### [Data to examine]
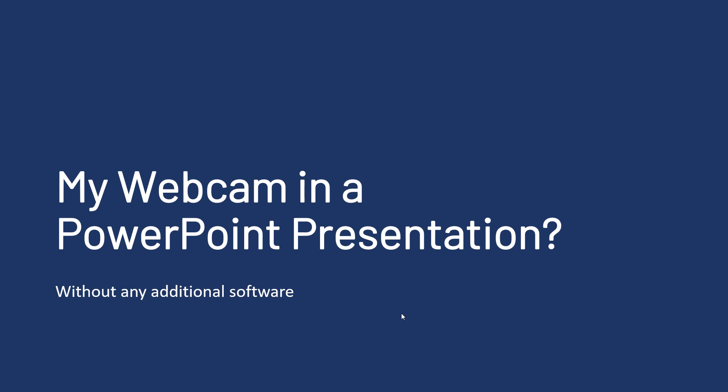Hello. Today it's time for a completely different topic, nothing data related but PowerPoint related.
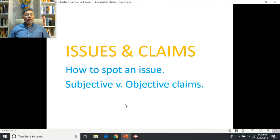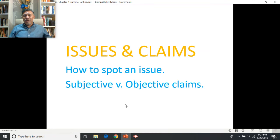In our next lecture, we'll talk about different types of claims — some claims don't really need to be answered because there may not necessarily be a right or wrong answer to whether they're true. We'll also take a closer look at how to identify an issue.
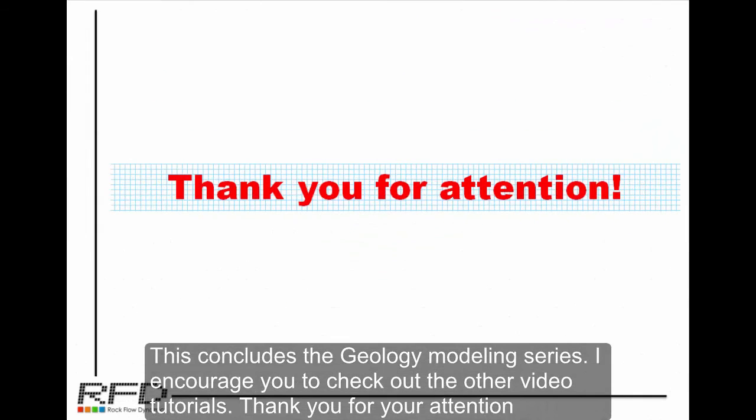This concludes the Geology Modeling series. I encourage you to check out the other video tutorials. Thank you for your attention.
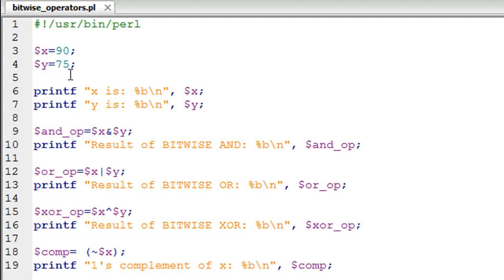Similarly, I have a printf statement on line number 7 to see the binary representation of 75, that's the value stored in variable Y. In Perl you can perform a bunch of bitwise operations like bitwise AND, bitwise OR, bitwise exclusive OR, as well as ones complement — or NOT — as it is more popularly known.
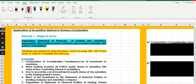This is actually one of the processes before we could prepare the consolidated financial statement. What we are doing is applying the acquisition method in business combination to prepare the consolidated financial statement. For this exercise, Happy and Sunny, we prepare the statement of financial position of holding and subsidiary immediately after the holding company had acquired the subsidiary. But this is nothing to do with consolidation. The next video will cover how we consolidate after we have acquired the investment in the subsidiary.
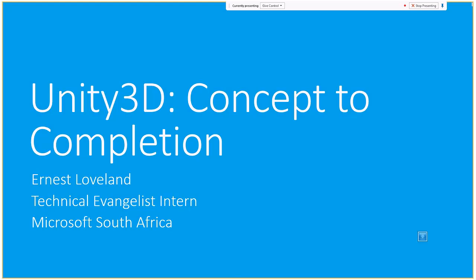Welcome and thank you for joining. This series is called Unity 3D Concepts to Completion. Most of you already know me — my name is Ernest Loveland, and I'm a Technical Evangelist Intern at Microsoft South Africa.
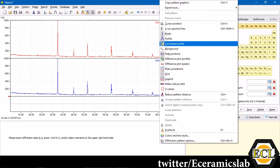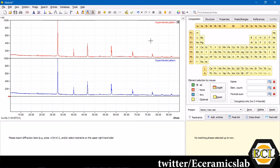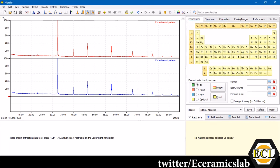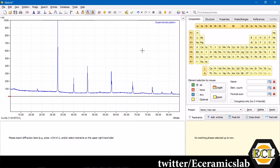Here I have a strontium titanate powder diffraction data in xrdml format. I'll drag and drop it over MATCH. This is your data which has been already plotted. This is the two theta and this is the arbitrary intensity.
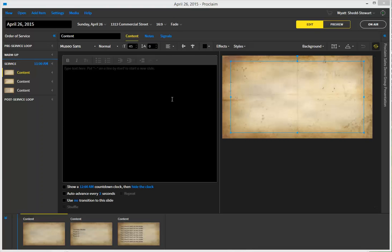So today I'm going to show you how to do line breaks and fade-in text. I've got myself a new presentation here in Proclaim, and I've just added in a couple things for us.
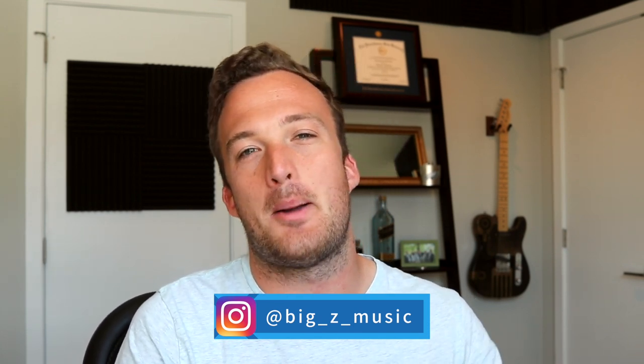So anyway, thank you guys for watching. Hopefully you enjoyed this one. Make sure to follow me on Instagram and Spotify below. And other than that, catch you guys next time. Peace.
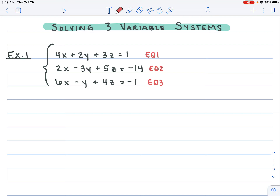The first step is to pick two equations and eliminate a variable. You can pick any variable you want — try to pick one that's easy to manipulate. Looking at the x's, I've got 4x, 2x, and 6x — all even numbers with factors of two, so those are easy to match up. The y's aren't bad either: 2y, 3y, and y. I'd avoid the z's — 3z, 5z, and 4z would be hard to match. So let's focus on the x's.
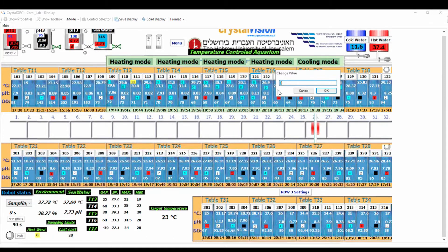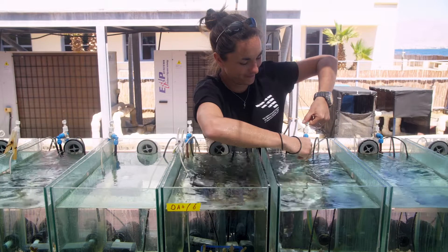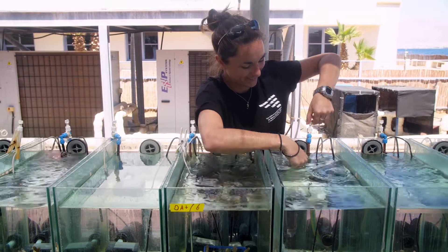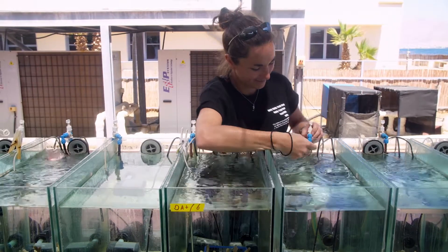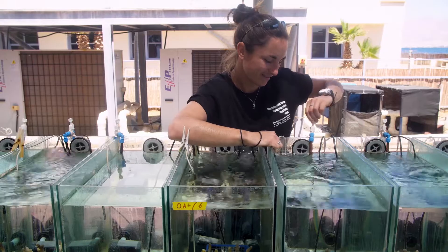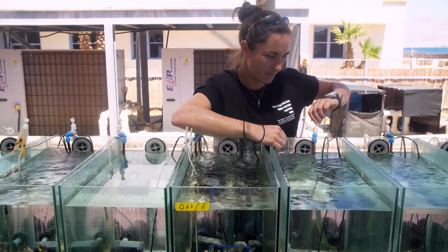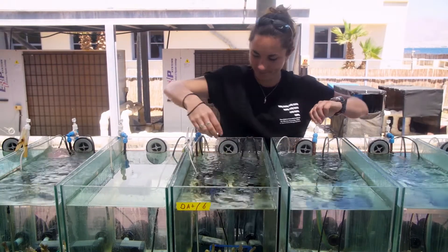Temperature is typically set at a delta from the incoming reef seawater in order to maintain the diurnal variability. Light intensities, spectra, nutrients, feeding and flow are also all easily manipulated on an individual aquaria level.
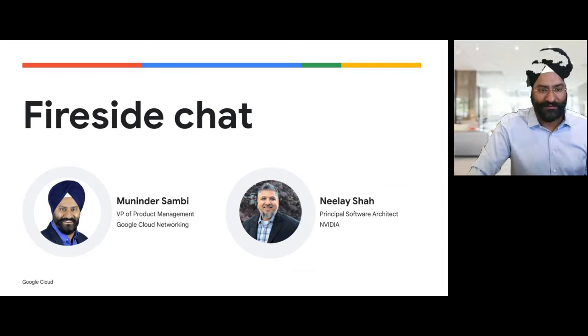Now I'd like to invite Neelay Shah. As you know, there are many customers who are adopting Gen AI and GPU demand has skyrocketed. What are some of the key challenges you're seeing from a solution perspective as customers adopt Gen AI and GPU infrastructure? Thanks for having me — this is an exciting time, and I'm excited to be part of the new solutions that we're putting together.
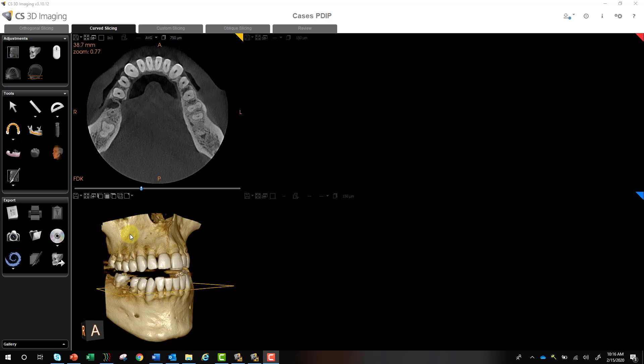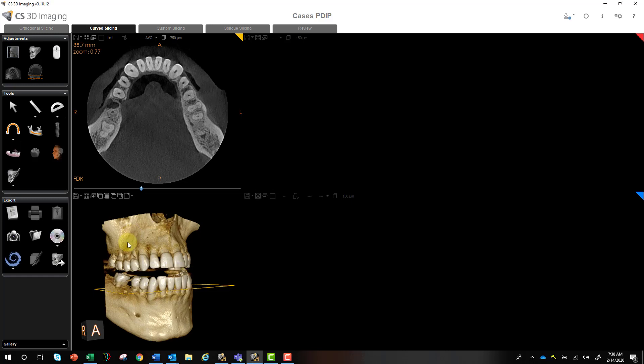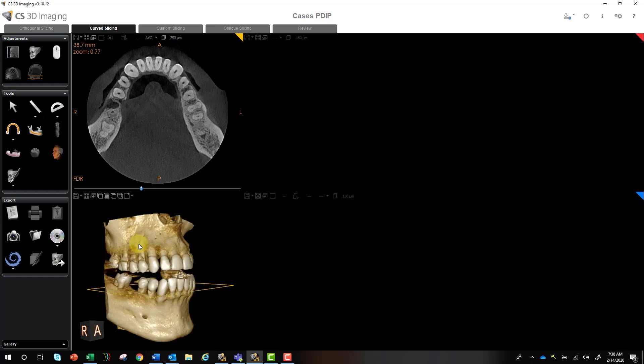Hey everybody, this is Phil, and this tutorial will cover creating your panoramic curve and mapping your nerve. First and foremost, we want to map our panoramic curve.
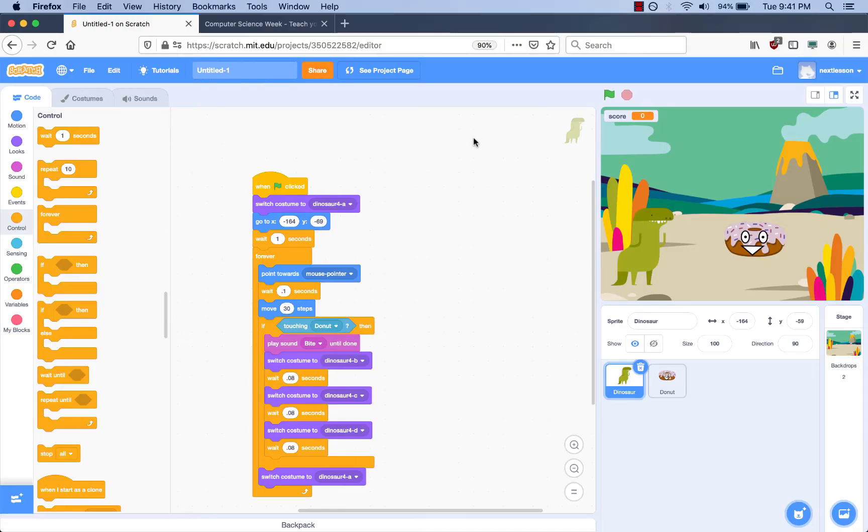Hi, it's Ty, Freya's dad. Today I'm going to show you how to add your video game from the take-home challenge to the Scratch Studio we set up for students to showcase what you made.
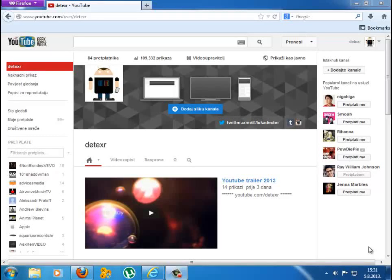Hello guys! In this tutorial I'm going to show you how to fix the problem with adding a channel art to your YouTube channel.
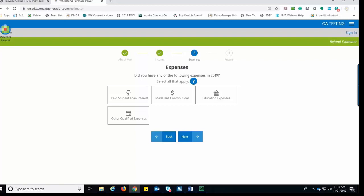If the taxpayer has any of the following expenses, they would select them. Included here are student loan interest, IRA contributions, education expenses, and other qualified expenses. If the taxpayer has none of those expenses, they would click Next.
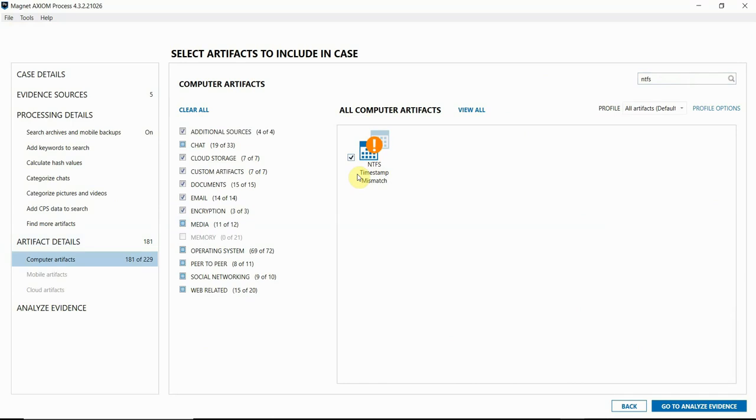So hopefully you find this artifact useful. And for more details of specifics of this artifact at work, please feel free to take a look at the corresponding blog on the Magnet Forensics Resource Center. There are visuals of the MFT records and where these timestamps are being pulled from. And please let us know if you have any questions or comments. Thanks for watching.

### [What to produce]
Within the listing above, the lines starting at the one containing "Welcome and thank" and ending at the one containing "Here I have" are to be returned exactly. Omit the pictures.

### [Written reply]
Welcome and thank you for joining. This series is called Unity 3D Concepts to Completion. Most of you already know me — my name is Ernest Loveland, and I'm a Technical Evangelist Intern at Microsoft South Africa.
Here I have a strontium titanate powder diffraction data in xrdml format. I'll drag and drop it over MATCH. This is your data which has been already plotted. This is the two theta and this is the arbitrary intensity.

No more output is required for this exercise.